#### Your assignment
From the entries below, please output exactly the lines starting at the one containing "OSRAM NEON DIGITAL" and ending at the one containing "Unboxing Carte Visa", both included.

#### Source material
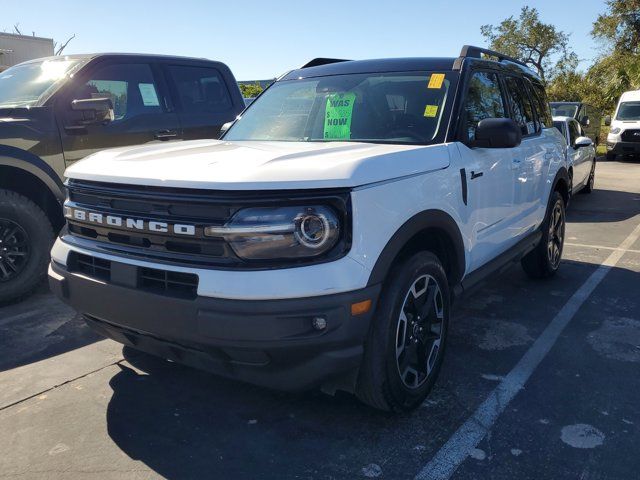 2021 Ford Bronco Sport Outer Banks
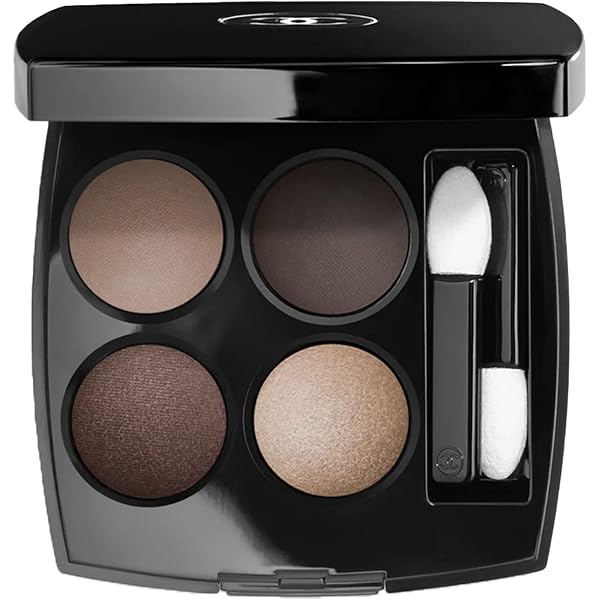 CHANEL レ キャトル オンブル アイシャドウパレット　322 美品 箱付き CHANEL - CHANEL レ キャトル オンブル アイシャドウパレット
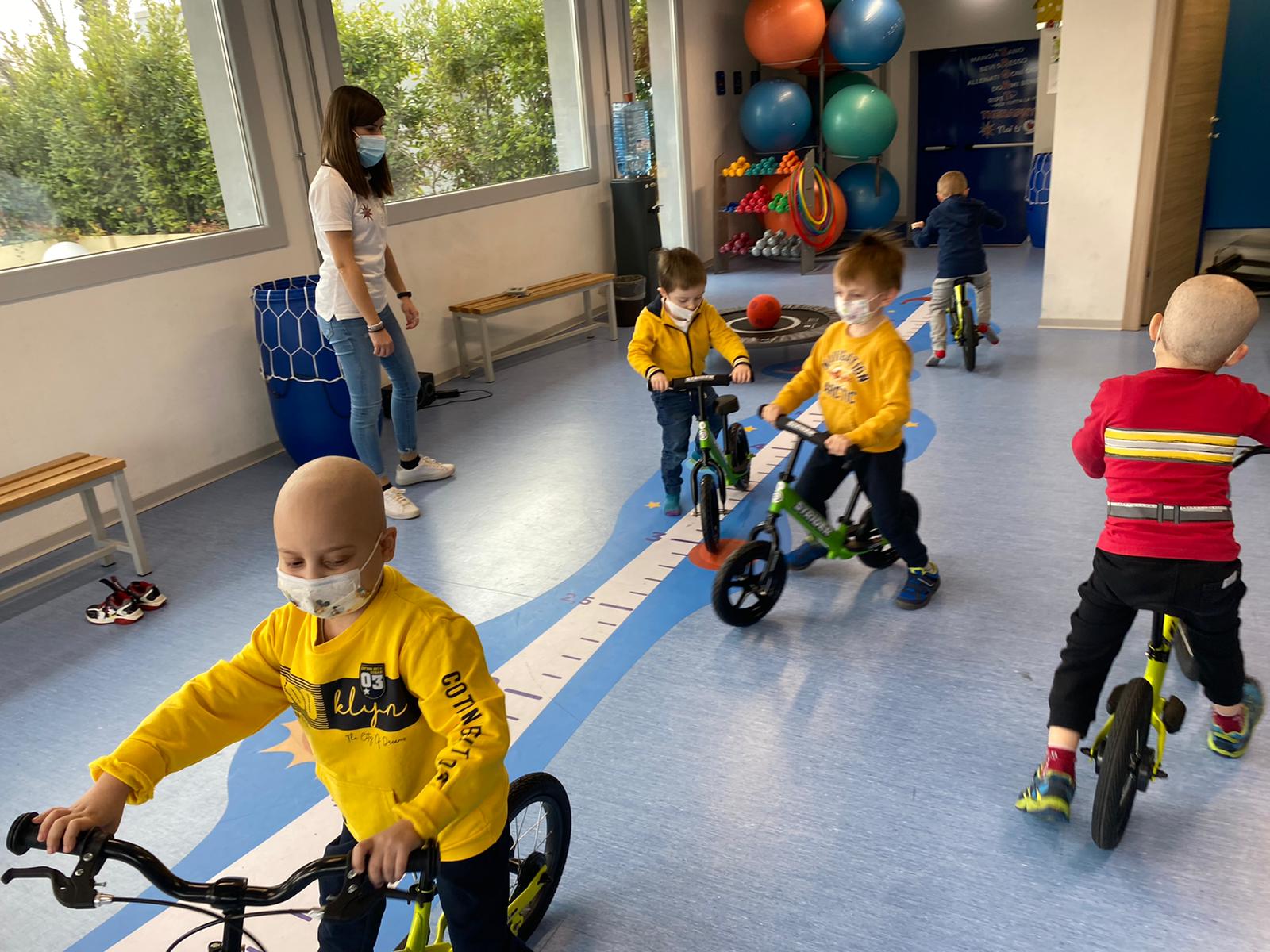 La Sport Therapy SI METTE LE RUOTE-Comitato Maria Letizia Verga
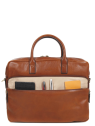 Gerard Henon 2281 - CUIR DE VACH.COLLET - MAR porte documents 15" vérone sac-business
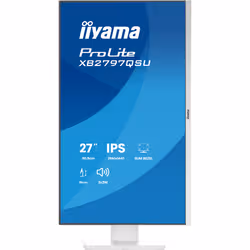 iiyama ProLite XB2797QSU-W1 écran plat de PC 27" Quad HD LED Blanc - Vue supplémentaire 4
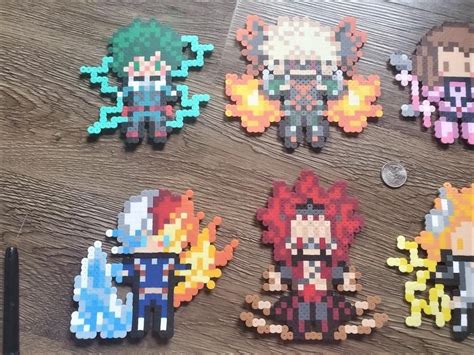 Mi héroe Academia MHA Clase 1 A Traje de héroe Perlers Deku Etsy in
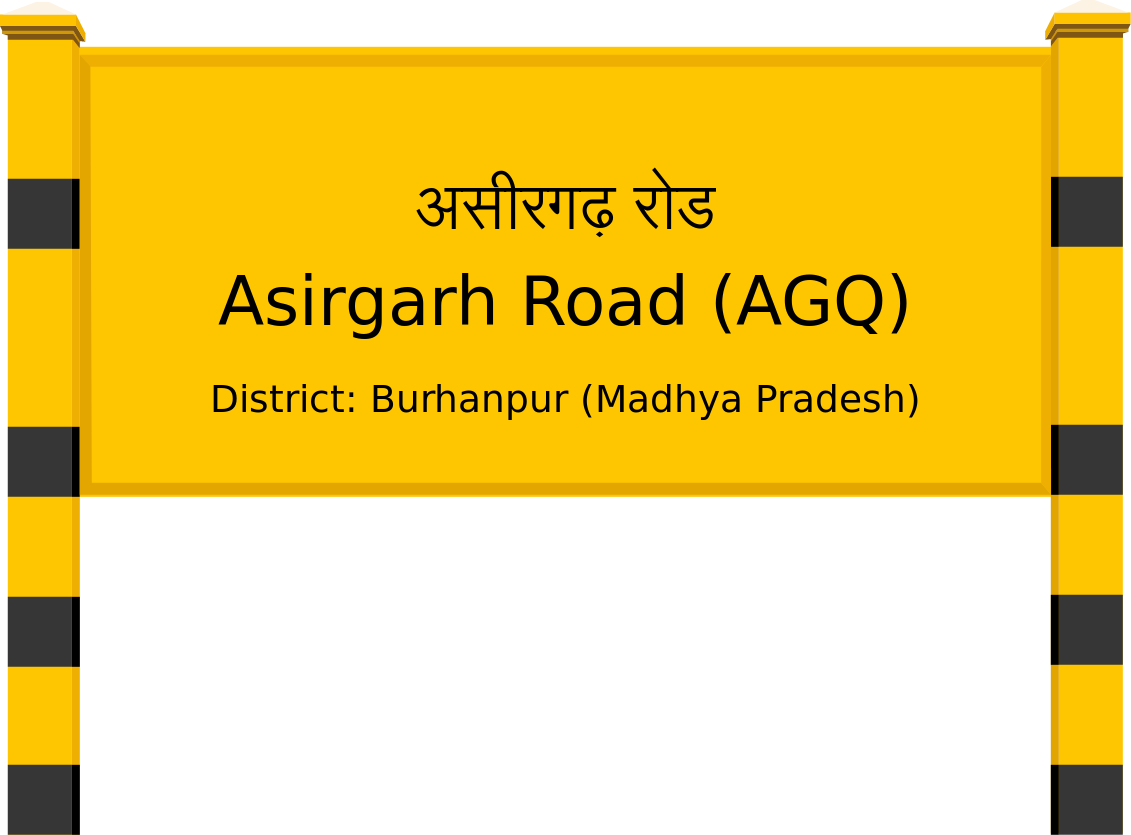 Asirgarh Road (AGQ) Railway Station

==

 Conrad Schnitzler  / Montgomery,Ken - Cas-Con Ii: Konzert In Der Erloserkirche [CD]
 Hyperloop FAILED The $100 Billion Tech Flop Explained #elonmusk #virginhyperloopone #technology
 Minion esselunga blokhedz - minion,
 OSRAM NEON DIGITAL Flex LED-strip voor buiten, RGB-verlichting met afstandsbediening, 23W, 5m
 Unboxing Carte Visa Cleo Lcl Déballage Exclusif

#### Your response
 OSRAM NEON DIGITAL Flex LED-strip voor buiten, RGB-verlichting met afstandsbediening, 23W, 5m
 Unboxing Carte Visa Cleo Lcl Déballage Exclusif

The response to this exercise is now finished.